La famiglia reale giordana è sempre stata molto compatta. Ma poco prima di morire re Hussein revocò il titolo di principe ereditario al fratello Hassan, che l’aveva da 34 anni, a favore del figlio Abdullah, l’attuale re. Abdullah nominò principe ereditario il fratellastro Hamzah per poi revocarlo a favore del figlio Hussein. Né Hassan né Hamzah protestarono, dando prova di unità famigliare. Ora invece il principe Hamzah è accusato di favorire un possibile colpo di stato orchestrato all’estero. È una crisi che può rivelarsi un colpo mortale per la monarchia.
Abdullah è di madre inglese, laico, educato in Inghilterra. La moglie palestinese spesso lo aiuta nella conversazione in arabo, che per il re è una seconda lingua. Hamzah è culturalmente arabo beduino e basta: ha una moglie locale, capisce bene la mentalità beduina, si presenta come un musulmano devoto. È dotato di grande comunicativa, è molto popolare fra le tribù. Ha spesso espresso critiche alla scarsa libertà di espressione, alla corruzione e allo spreco di denaro pubblico. Hamzah è accusato di godere anche delle simpatie di Israele, dell’Arabia Saudita e degli Emirati.

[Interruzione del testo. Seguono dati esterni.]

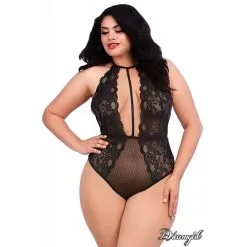 TEDDY À COL HAUT EN DENTELLE-noir -Vibrateurs boutique 11607x black front crop 1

La situazione economica della Giordania è disastrosa. Nel 2019 il PIL medio pro capite è stato soltanto di 4,400 dollari, il tasso di disoccupazione è al 30%. Le tasse sono troppo alte, il COVID imperversa. L’eccessiva spesa della casa regnante in questa situazione crea molto malumore. La regina Rania è accusata di aver speso centinaia di milioni di dollari in abbigliamento. Il re è accusato di investire molti milioni non in Giordania ma negli USA, in Giappone e in UK. La corruzione in Giordania è istituzionalizzata, non esistono leggi contro il nepotismo tribale, i funzionari di governo non possono essere imputati, i parlamentari possono essere soci in imprese private. Ufficialmente ci sono 30 partiti politici, ma ogni vero dissenso è subito represso. Il regno è mantenuto unito dall’esercito e dall’intelligence. Re Hussein, morto nel 1999, era sostenuto anche dai Fratelli Musulmani, ma dal 2011 la repressione è stata molto dura anche nei loro confronti.
Un grave pericolo per la monarchia hashemita è che il paese diventi lo stato dei Palestinesi, a scapito delle tribù, e che chieda un sistema democratico, costituzionale. Questa svolta sarebbe vista con favore da Israele, dai Sauditi e dagli Emirati, ma porterebbe al crollo della monarchia e forse anche alla divisione della Giordania in due parti, una palestinese e una beduina. La famiglia reale ha tutto da guadagnare dal presentarsi coesa e solidale, ma non è certo che la tregua fra Hamzah e Abdullah regga.